Extracted material:
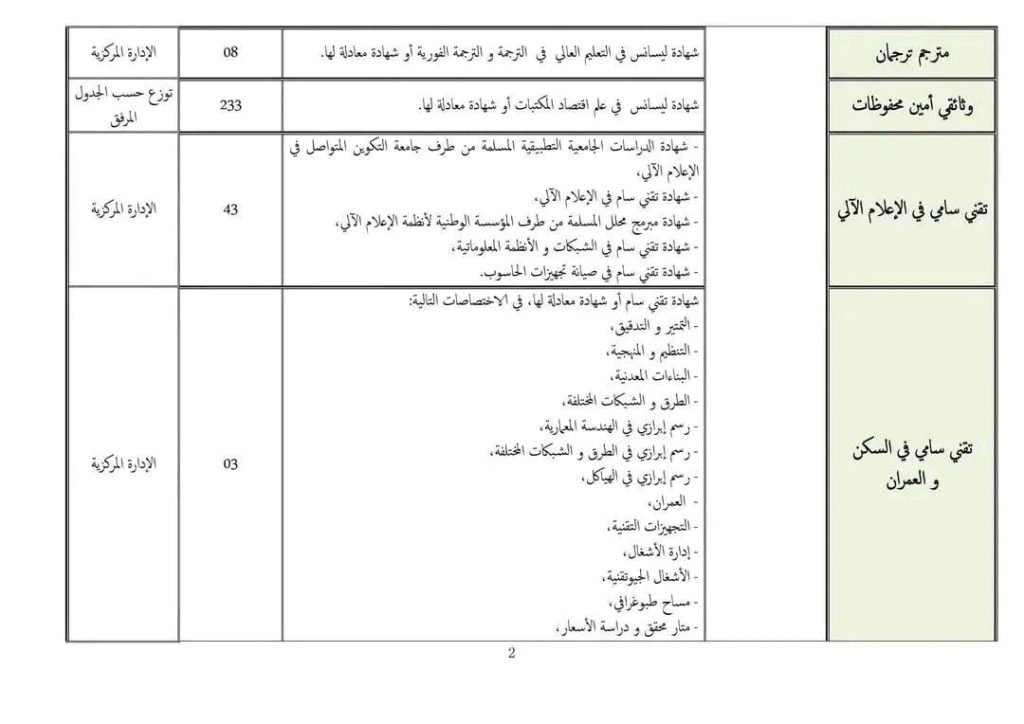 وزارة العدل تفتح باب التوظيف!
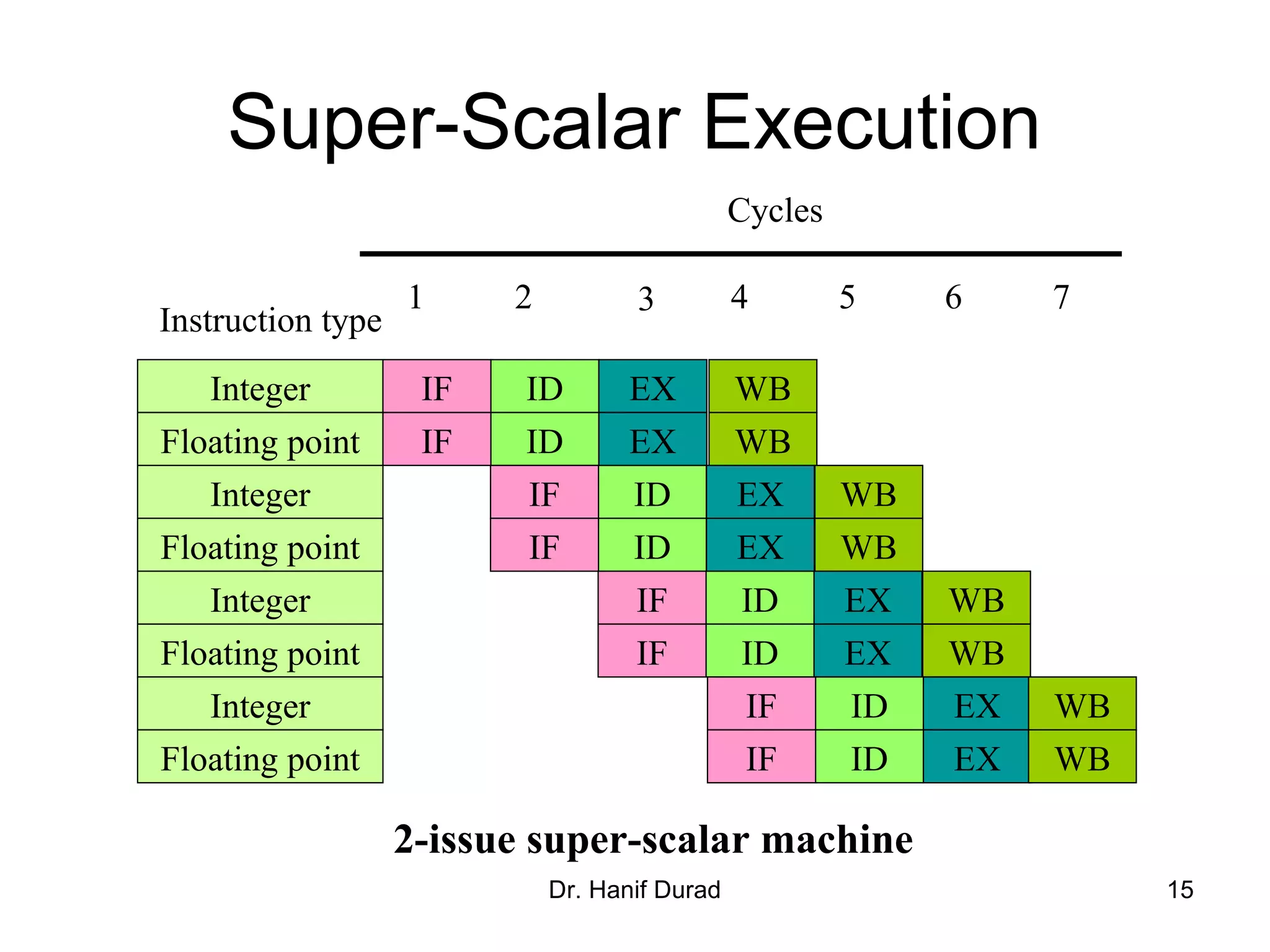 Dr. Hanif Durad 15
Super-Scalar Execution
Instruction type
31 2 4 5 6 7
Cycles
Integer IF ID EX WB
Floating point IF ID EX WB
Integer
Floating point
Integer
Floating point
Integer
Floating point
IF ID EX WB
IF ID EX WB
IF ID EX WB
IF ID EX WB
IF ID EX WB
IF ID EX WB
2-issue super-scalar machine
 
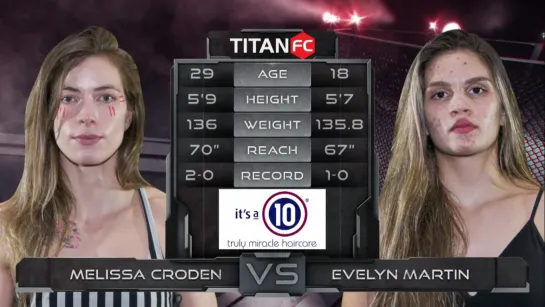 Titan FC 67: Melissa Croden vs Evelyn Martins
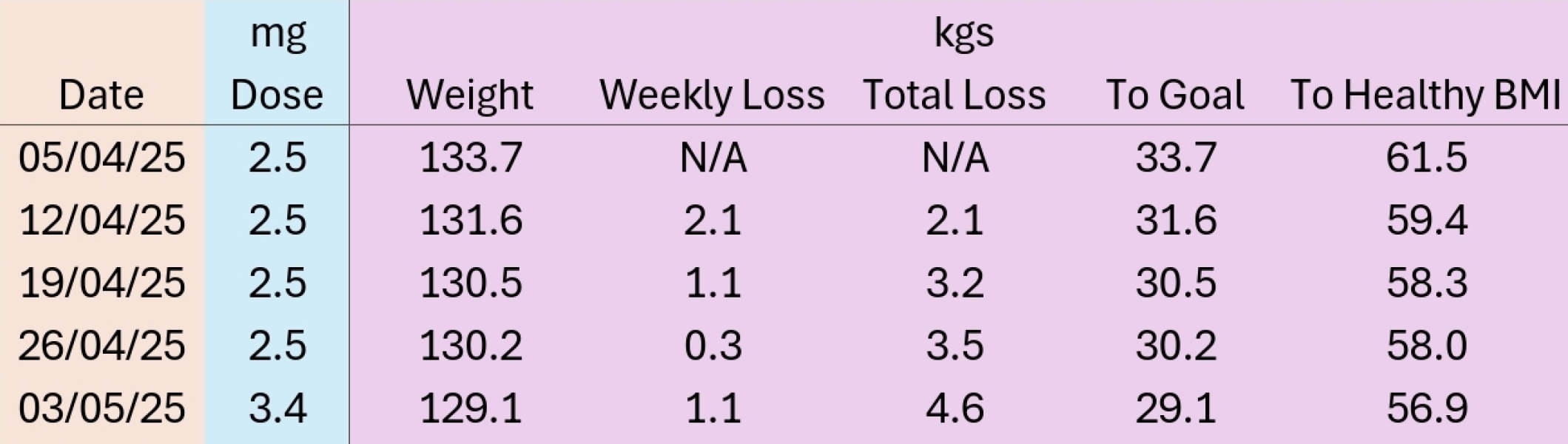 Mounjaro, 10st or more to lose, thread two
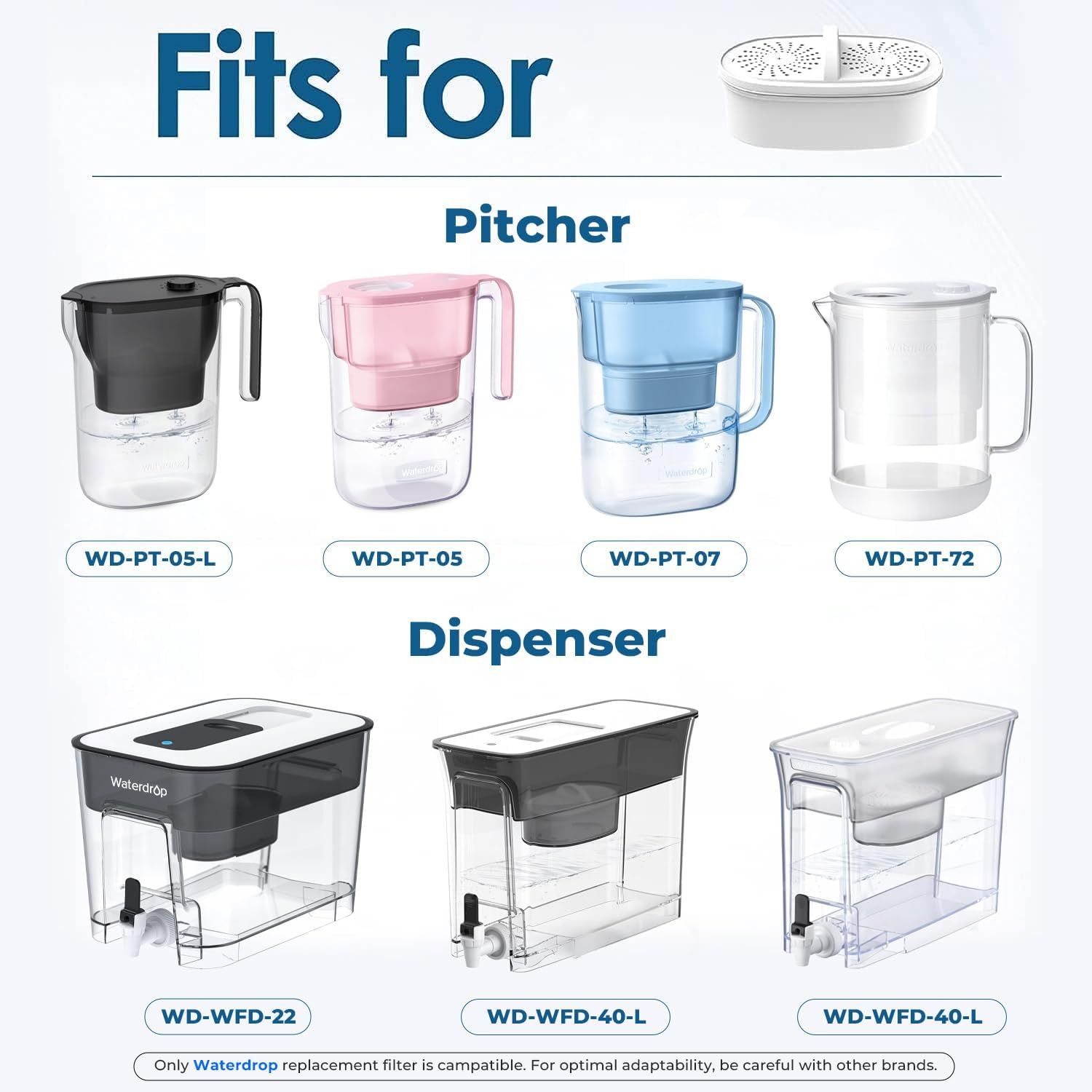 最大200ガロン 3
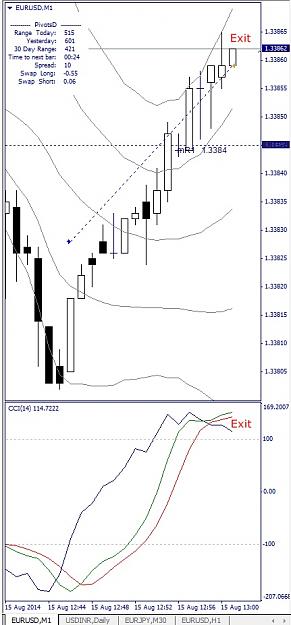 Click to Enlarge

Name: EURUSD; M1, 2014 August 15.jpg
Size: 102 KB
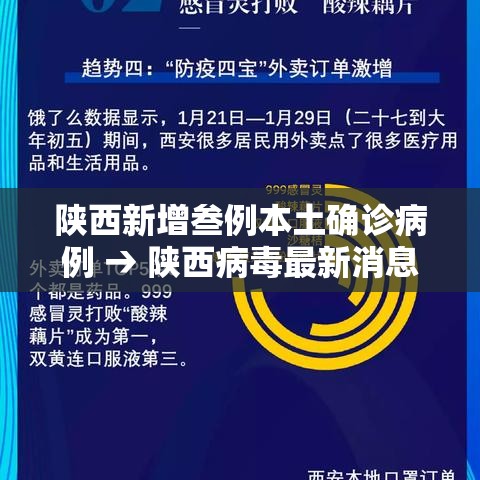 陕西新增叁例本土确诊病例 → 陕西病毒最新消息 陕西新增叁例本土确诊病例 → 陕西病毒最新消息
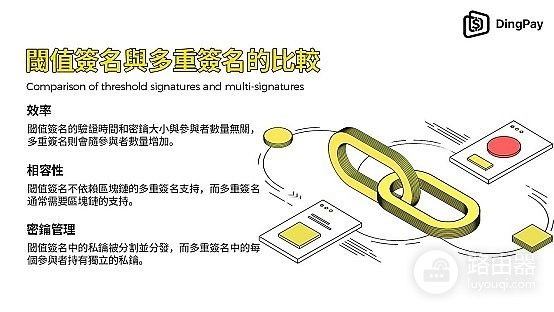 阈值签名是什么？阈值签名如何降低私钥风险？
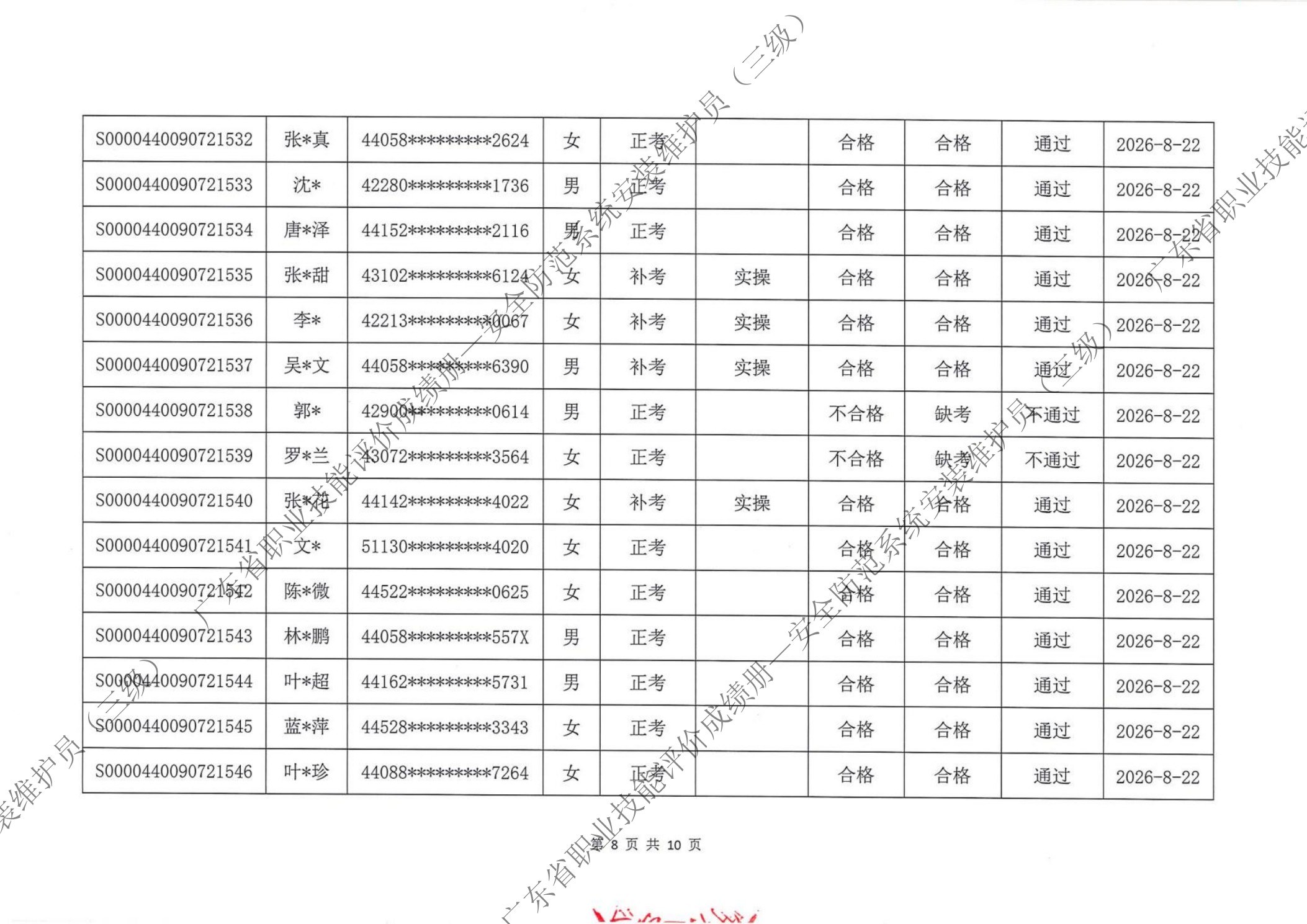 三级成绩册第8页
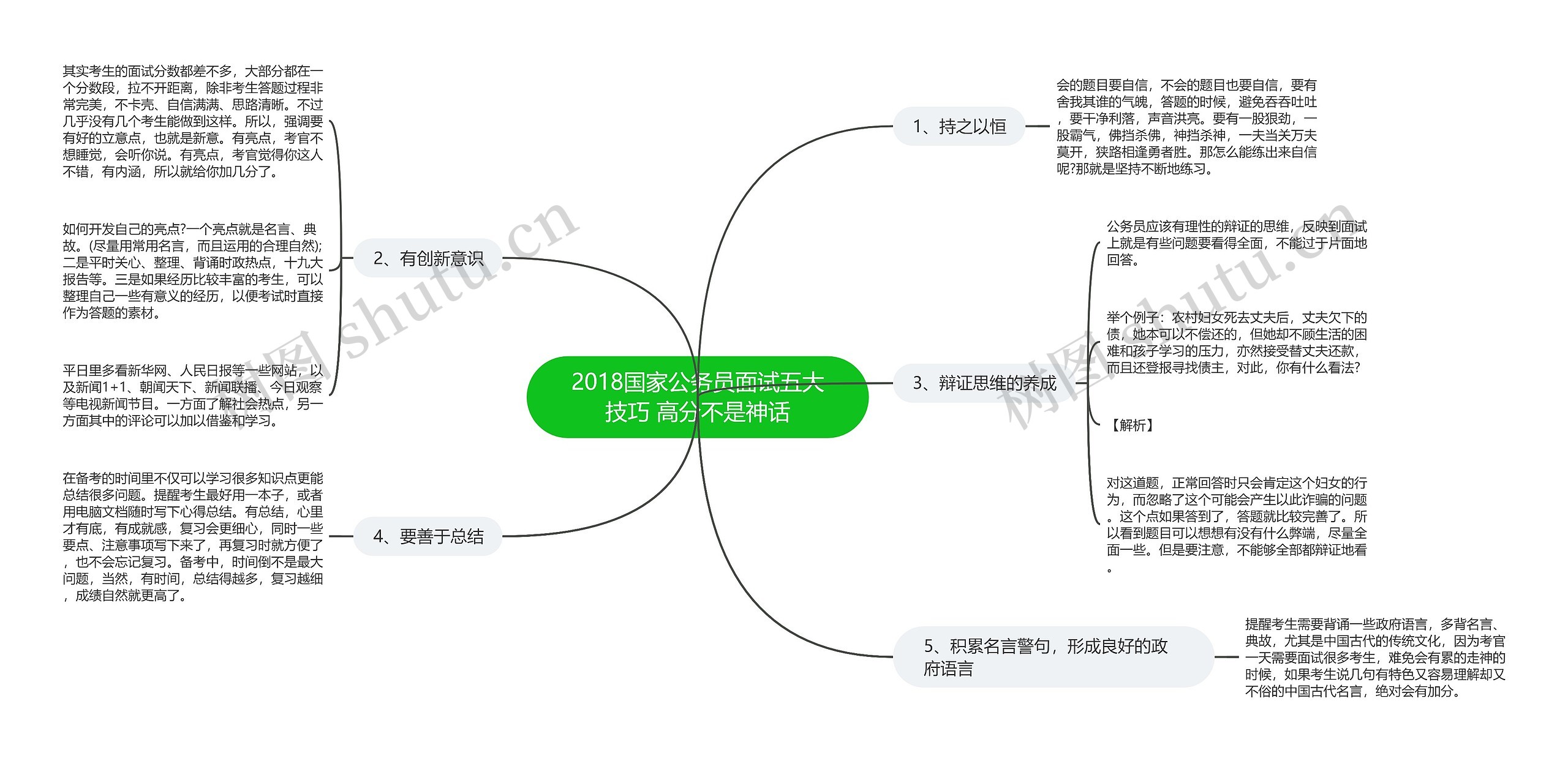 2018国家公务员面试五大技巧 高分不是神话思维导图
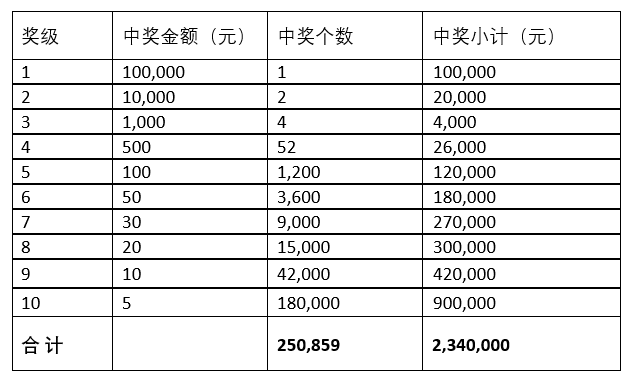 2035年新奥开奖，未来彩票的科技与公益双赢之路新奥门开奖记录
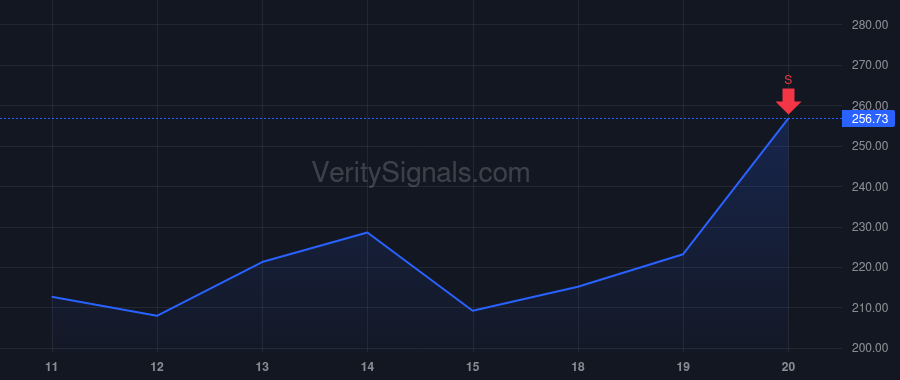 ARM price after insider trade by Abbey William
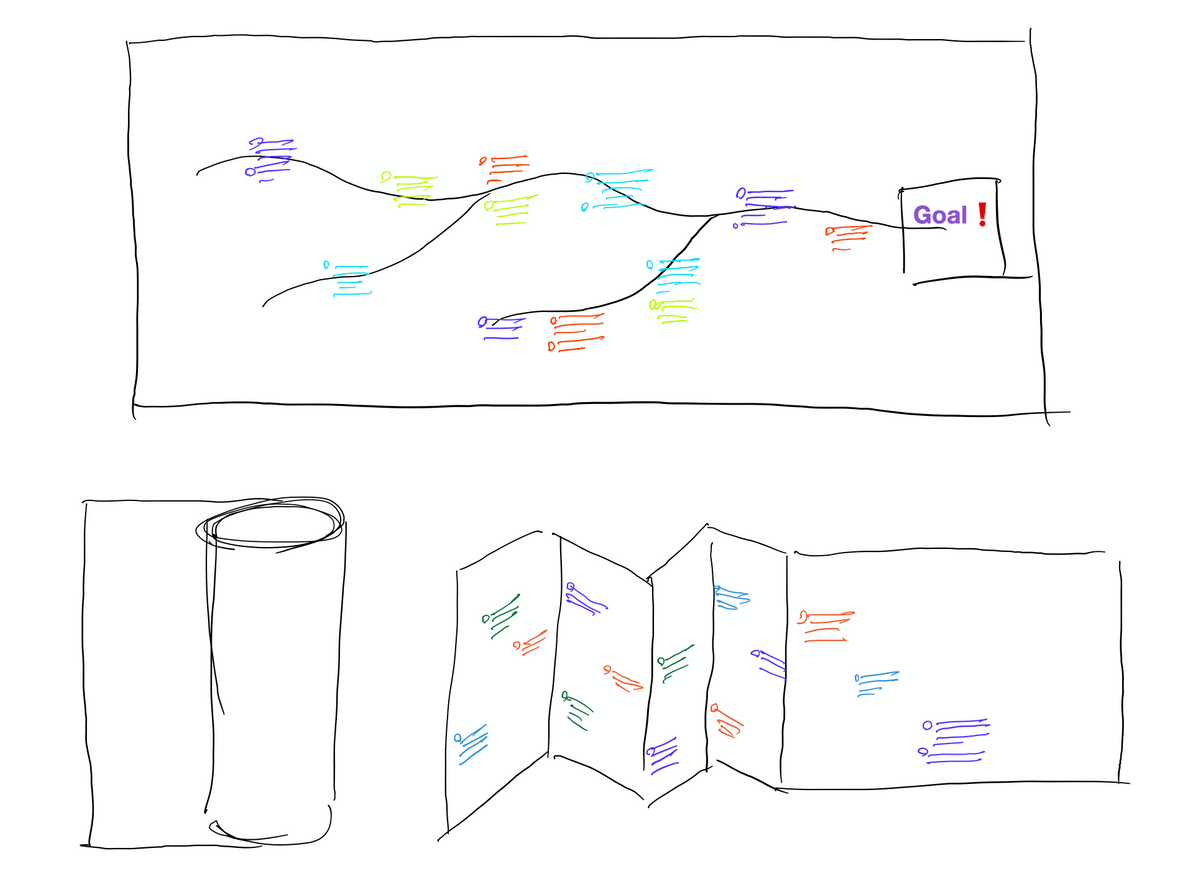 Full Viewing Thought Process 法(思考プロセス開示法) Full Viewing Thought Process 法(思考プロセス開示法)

Work task:
Leave the pictures out and output the rest of the data word for word.

Answer to the exercise:
 وزارة العدل تفتح باب التوظيف!
 Dr. Hanif Durad 15
Super-Scalar Execution
Instruction type
31 2 4 5 6 7
Cycles
Integer IF ID EX WB
Floating point IF ID EX WB
Integer
Floating point
Integer
Floating point
Integer
Floating point
IF ID EX WB
IF ID EX WB
IF ID EX WB
IF ID EX WB
IF ID EX WB
IF ID EX WB
2-issue super-scalar machine
 
 Titan FC 67: Melissa Croden vs Evelyn Martins
 Mounjaro, 10st or more to lose, thread two
 最大200ガロン 3
 Click to Enlarge

Name: EURUSD; M1, 2014 August 15.jpg
Size: 102 KB
 陕西新增叁例本土确诊病例 → 陕西病毒最新消息 陕西新增叁例本土确诊病例 → 陕西病毒最新消息
 阈值签名是什么？阈值签名如何降低私钥风险？
 三级成绩册第8页
 2018国家公务员面试五大技巧 高分不是神话思维导图
 2035年新奥开奖，未来彩票的科技与公益双赢之路新奥门开奖记录
 ARM price after insider trade by Abbey William
 Full Viewing Thought Process 法(思考プロセス開示法) Full Viewing Thought Process 法(思考プロセス開示法)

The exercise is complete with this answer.